* **Task directions**: Every line with "Size" in it should be copied from the data.

═════ Available records

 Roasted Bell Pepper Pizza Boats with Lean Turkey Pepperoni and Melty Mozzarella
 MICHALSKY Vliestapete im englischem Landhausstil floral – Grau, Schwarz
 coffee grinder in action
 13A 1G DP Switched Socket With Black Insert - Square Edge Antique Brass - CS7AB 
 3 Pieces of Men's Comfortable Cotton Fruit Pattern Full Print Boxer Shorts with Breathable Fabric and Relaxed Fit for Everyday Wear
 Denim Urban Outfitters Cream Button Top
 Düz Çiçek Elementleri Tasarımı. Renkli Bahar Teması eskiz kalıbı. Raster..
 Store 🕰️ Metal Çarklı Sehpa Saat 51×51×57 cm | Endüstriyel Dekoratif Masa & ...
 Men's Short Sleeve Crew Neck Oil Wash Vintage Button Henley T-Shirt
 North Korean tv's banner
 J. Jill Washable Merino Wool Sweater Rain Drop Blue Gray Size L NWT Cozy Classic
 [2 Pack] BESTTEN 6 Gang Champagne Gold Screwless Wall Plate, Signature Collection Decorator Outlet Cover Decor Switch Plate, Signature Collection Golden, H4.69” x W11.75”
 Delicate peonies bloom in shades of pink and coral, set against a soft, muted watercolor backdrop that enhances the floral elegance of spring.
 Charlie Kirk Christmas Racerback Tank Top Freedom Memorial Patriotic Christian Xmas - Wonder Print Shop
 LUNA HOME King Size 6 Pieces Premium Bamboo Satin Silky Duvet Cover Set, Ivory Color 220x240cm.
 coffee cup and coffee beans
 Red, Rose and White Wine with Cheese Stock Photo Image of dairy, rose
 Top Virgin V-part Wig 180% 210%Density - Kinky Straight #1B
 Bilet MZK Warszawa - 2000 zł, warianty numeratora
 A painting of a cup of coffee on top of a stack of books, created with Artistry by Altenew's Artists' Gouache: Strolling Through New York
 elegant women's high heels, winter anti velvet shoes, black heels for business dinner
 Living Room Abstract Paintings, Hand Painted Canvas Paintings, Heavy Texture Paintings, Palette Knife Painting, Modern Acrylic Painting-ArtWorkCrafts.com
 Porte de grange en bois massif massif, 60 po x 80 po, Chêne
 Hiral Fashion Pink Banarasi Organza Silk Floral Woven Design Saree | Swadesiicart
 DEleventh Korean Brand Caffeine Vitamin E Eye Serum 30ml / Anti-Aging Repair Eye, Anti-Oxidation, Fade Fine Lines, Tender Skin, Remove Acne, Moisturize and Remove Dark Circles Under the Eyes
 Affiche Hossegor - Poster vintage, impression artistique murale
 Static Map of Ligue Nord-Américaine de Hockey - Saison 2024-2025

══════════

* **Response**:
 J. Jill Washable Merino Wool Sweater Rain Drop Blue Gray Size L NWT Cozy Classic
 LUNA HOME King Size 6 Pieces Premium Bamboo Satin Silky Duvet Cover Set, Ivory Color 220x240cm.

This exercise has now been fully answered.